Limawaktu.id - Tatapan Usman Hidayatulloh (40) sangat tajam tertuju pada permukaan air Waduk Saguling di Kampung Babakan Rongga, Desa Cihampelas, Kecamatan Cihampelas, Kabupaten Bandung Barat (KBB) pada Rabu (28/8/2019).
Ditangannya ada sebuah benda serupa senapan angin, namanya paser. Sebuah alat memancing ikan menggunakan alat tembak berupa angin. Ketika ada tanda-tanda ikan, seketika alat itu akan menghujam ikan. "Iya ini hanya sekedar hobby aja sama komunitas.
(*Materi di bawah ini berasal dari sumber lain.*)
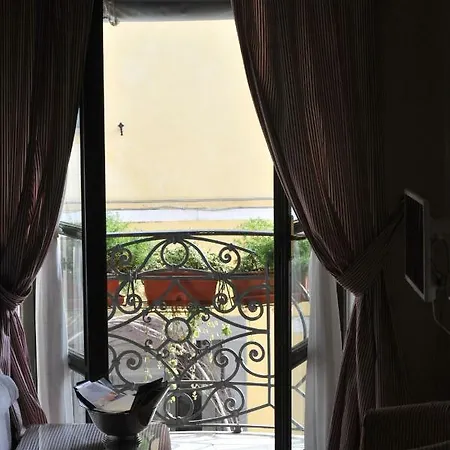 Porta Medievale Del Campo Apartamento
Kadang hasilnya juga kita bagikan ke warga," ujar Usman.
Namun, aktifitas memancing menggunakan paser dimusim kemarau ini sangat bermasalah. Sebab, pendangkalan yang terjadi di Waduk Saguling sangat berpengaruh terhadap hasil tangkapan ikan. Jika kondisi air sedang normal, kata dia, ia dan teman-temannya bisa mendapatkan ikan 25-30 kilogram (kg). Namun karena airnya dangkal, ikan yang didapat pun rata-rata hanya sekitar 5 kg.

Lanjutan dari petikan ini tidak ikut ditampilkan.